蘇軾の七言絶句「春夜」(壺齋散人注)
春宵一刻値千金 春宵 一刻 値千金
花有淸香月有陰 花に淸香有り月に陰有り
歌管樓臺聲細細 歌管 樓臺 聲細細
鞦韆院落夜沈沈 鞦韆 院落 夜沈沈
春の宵は一刻が千金に価するほどすばらしい、花は芳しく香り月の光がさやかだ、先ほどまでの歌舞管弦もいまはひっそりと静まり、中庭ではブランコがゆったりと揺れ、夜が更け渉って行く
杭州の副知事としての蘇軾には、裁判をつかさどるほかは大した仕事がなかった。
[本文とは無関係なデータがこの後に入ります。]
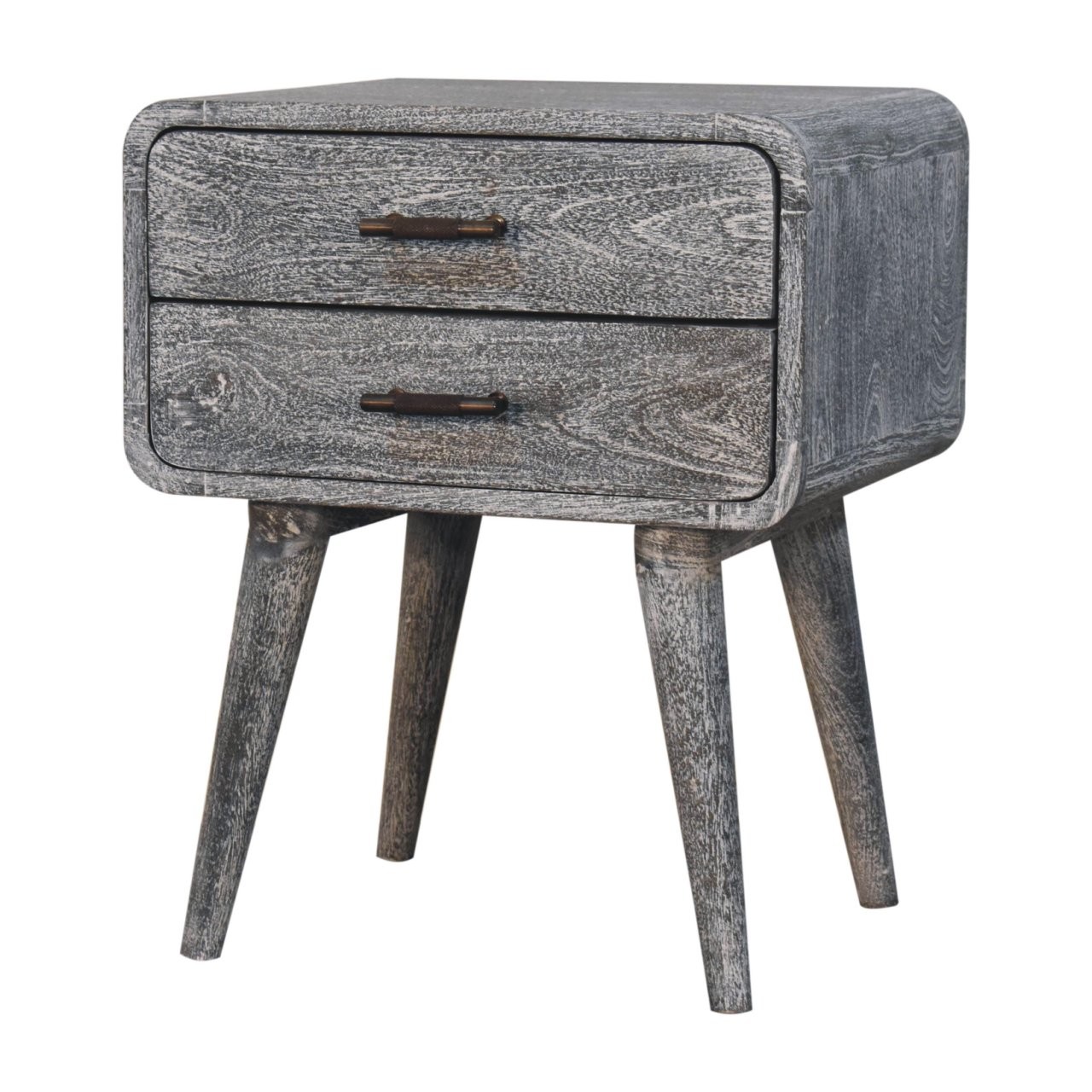 Solid Wood Sandblasted Ash Curved Bedside, 2-Drawers, Gray,Solid mango wood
それ故蘇軾は有り余るほどの時間を、自分の快楽のために充てることができた。
そんな杭州時代の蘇軾にとって最大の気晴らしは、芸妓と遊び、僧侶と蒟蒻問答を楽しむことであった。
春夜は蘇軾の詩の中でも最も有名な作品だが、それは芸妓たちとの遊びをテーマにしたものだとの解釈が有力である。
蘇軾は芸妓たちと宴会のバカ騒ぎを催した際には、必ず詩を作って芸妓たちに与え、時には詞を作って歌わせたという。